Required action:
Would you please write out each entry precisely as given?

(Records from a dataset)
┄┄┄┄┄┄┄┄┄┄
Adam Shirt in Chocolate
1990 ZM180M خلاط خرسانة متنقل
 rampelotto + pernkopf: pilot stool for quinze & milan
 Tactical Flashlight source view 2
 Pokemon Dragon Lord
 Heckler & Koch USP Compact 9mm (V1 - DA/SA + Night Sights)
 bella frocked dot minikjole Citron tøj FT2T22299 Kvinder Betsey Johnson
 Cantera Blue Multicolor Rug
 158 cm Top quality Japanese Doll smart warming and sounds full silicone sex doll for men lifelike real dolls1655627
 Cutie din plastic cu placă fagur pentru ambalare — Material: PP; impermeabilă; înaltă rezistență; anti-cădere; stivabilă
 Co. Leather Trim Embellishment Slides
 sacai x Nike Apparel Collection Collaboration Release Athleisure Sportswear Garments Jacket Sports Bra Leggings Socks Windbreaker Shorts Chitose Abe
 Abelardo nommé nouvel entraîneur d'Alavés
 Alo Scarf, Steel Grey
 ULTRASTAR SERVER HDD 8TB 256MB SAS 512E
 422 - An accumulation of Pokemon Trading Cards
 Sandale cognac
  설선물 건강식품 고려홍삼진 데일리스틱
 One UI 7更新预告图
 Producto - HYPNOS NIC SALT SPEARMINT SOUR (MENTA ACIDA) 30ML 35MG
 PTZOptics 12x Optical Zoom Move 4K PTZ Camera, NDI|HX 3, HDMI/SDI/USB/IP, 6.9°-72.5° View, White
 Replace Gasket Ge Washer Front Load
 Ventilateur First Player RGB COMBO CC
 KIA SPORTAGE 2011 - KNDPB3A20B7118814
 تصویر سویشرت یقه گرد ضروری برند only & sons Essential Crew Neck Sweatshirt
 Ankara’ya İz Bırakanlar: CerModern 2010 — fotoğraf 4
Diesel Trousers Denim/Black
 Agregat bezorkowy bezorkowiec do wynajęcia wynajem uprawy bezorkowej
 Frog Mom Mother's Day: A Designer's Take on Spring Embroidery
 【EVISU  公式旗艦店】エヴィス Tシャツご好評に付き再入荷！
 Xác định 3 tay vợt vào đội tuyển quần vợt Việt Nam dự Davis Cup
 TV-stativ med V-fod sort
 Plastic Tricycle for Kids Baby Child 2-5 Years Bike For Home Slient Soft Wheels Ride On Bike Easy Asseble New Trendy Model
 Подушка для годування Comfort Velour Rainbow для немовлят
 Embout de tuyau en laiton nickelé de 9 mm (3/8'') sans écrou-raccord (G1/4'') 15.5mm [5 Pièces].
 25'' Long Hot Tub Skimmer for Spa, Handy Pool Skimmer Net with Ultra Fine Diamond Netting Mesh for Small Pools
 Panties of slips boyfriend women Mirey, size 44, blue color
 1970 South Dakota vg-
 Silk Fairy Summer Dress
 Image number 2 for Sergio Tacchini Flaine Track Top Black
┄┄┄┄┄┄┄┄┄┄
Response below:
Adam Shirt in Chocolate
1990 ZM180M خلاط خرسانة متنقل
 rampelotto + pernkopf: pilot stool for quinze & milan
 Tactical Flashlight source view 2
 Pokemon Dragon Lord
 Heckler & Koch USP Compact 9mm (V1 - DA/SA + Night Sights)
 bella frocked dot minikjole Citron tøj FT2T22299 Kvinder Betsey Johnson
 Cantera Blue Multicolor Rug
 158 cm Top quality Japanese Doll smart warming and sounds full silicone sex doll for men lifelike real dolls1655627
 Cutie din plastic cu placă fagur pentru ambalare — Material: PP; impermeabilă; înaltă rezistență; anti-cădere; stivabilă
 Co. Leather Trim Embellishment Slides
 sacai x Nike Apparel Collection Collaboration Release Athleisure Sportswear Garments Jacket Sports Bra Leggings Socks Windbreaker Shorts Chitose Abe
 Abelardo nommé nouvel entraîneur d'Alavés
 Alo Scarf, Steel Grey
 ULTRASTAR SERVER HDD 8TB 256MB SAS 512E
 422 - An accumulation of Pokemon Trading Cards
 Sandale cognac
  설선물 건강식품 고려홍삼진 데일리스틱
 One UI 7更新预告图
 Producto - HYPNOS NIC SALT SPEARMINT SOUR (MENTA ACIDA) 30ML 35MG
 PTZOptics 12x Optical Zoom Move 4K PTZ Camera, NDI|HX 3, HDMI/SDI/USB/IP, 6.9°-72.5° View, White
 Replace Gasket Ge Washer Front Load
 Ventilateur First Player RGB COMBO CC
 KIA SPORTAGE 2011 - KNDPB3A20B7118814
 تصویر سویشرت یقه گرد ضروری برند only & sons Essential Crew Neck Sweatshirt
 Ankara’ya İz Bırakanlar: CerModern 2010 — fotoğraf 4
Diesel Trousers Denim/Black
 Agregat bezorkowy bezorkowiec do wynajęcia wynajem uprawy bezorkowej
 Frog Mom Mother's Day: A Designer's Take on Spring Embroidery
 【EVISU  公式旗艦店】エヴィス Tシャツご好評に付き再入荷！
 Xác định 3 tay vợt vào đội tuyển quần vợt Việt Nam dự Davis Cup
 TV-stativ med V-fod sort
 Plastic Tricycle for Kids Baby Child 2-5 Years Bike For Home Slient Soft Wheels Ride On Bike Easy Asseble New Trendy Model
 Подушка для годування Comfort Velour Rainbow для немовлят
 Embout de tuyau en laiton nickelé de 9 mm (3/8'') sans écrou-raccord (G1/4'') 15.5mm [5 Pièces].
 25'' Long Hot Tub Skimmer for Spa, Handy Pool Skimmer Net with Ultra Fine Diamond Netting Mesh for Small Pools
 Panties of slips boyfriend women Mirey, size 44, blue color
 1970 South Dakota vg-
 Silk Fairy Summer Dress
 Image number 2 for Sergio Tacchini Flaine Track Top Black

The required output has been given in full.